"Le climat anti-islam provoque un durcissement à l’égard des autres religions", estime le sociologue et historien Jean Baubérot. C’est ce que l’on peut apercevoir derrière les polémiques qui ont suivi l’apparition de crèches dans des lieux publics.
Tous les santons n’ont eu le temps d’arriver que les crèches de Nativité se voient remballées des lieux publics, au nom de la laïcité. Dans l’enceinte du Conseil général de Vendée, le tribunal administratif de Nantes a fait retirer l’installation, tandis que le préfet de l’Hérault enjoint le maire de Béziers, Robert Ménard, de retirer la crèche de Noël qu’il a installée dans sa mairie. Le maire s’y refuse, au nom de la " tradition judéo-chrétienne" de la France.
Pour Jean Baubérot, auteur de La laïcité falsifiée (La Découverte poche, 2014), "une crèche est un symbole religieux qui n’a pas sa place dans les lieux communs publics", comme stipulé dans la loi de 1905. Pourquoi cette interdiction fait-elle alors débat ?
La décision du tribunal s’appuie sur l’article 28 de la loi de 1905. Celle-ci interdit d’imposer des symboles religieux dans des lieux publics et les bâtiments publics, sauf exceptions, comme les bâtiments religieux ou les cimetières.
Cet article fait mention d’une distinction capitale entre les lieux qui symbolisent la collectivité, comme une mairie ou un Conseil général, et où il faut respecter la liberté de conscience de tout le monde, et les lieux qui sont au contraire privés, quoique dans l’espace public, comme par exemple les magasins.
Certes... Or nous sommes dans une situation où la neutralité religieuse est étendue bien au-delà de ce que demandait la loi de 1905. Et cette laïcité beaucoup plus agressive et répressive concerne l’islam. On ne peut donc pas demander un laxisme ou une interprétation souple et libérale par rapport à la loi de 1905 lorsqu’il s’agit du catholicisme, et réclamer quelque chose qui va bien au-delà de cette loi quand il en va de l’islam. La décision du tribunal de Nanterre est donc tout à fait logique.

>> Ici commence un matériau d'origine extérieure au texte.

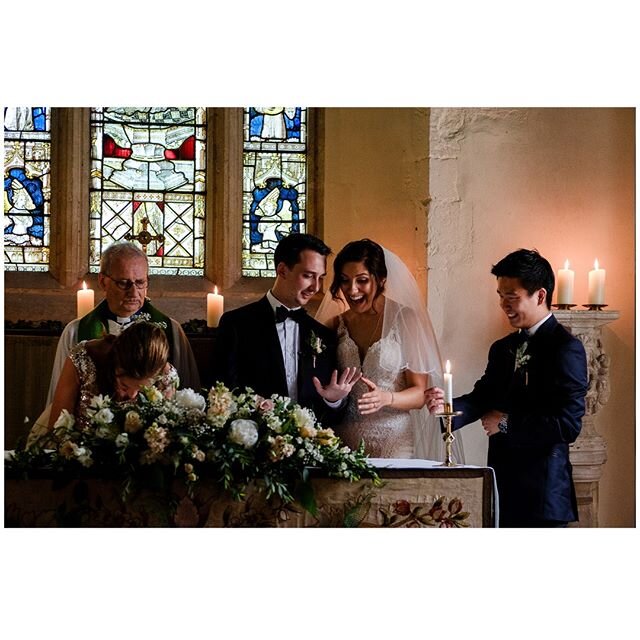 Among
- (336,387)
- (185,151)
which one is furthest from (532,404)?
(185,151)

Tant qu’elle n’a pas été changée, la loi reste la loi. Celle de 1905 a d’ailleurs décidé de garder les fêtes chrétiennes, pour tourner le dos à la politique agressive de la révolution française envers la religion, qui avait changé le calendrier et aboli toutes les fêtes chrétiennes.
La réplique de Philippe de Villiers est pour moi typique de la droite dure, qui ne veut pas appliquer les règles de laïcité au catholicisme sous prétexte de racines chrétiennes, comme en attestait le discours de Nicolas Sarkozy au Latran en 2007.
Philippe de Villiers a par ailleurs déclaré qu’il faudrait bientôt "interdire les étoiles dans les guirlandes de Noël qui décorent nos rues, sous prétexte qu’il s’agit d’un symbole religieux". Or une mairie, ce n’est pas la rue ! Il fait l’amalgame pour faire paraître cette décision comme totalitaire. Il faut donc être vigilant, sinon il pourrait y avoir une ré-officialisation feutrée du catholicisme, sous prétexte d’identité culturelle.
Une crèche symbolise vraiment la Nativité, elle n’a donc pas sa place dans les lieux communs publics, qui représentent la collectivité, avec sa diversité de croyances et d’incroyance. Et je dirais même que l’associer à quelque chose d’uniquement traditionnel et folklorique, c’est manquer de respect à la religion catholique.
Il y a malheureusement une islamophobie institutionnelle, qui s’est développée sous Nicolas Sarkozy. L’ancien président était même allé jusqu’à se prononcer sur l’interdiction des minarets en Suisse ! Aujourd’hui, la gauche peine à faire un réel virage. Elle n’a par exemple pas réinstauré la Haute autorité de lutte contre les discriminations et pour l’égalité (Halde), supprimée sous Nicolas Sarkozy. La Halde empêchait pourtant que la loi de 2004 ne déborde de son objet, strictement lié à l’école publique, primaire et secondaire.
Or, dès le moment où un climat anti-islam s’instaure, il y a, par ricochet, un durcissement à l’égard des autres religions, qui aboutit à un climat d’intolérance générale dangereux pour les libertés publiques.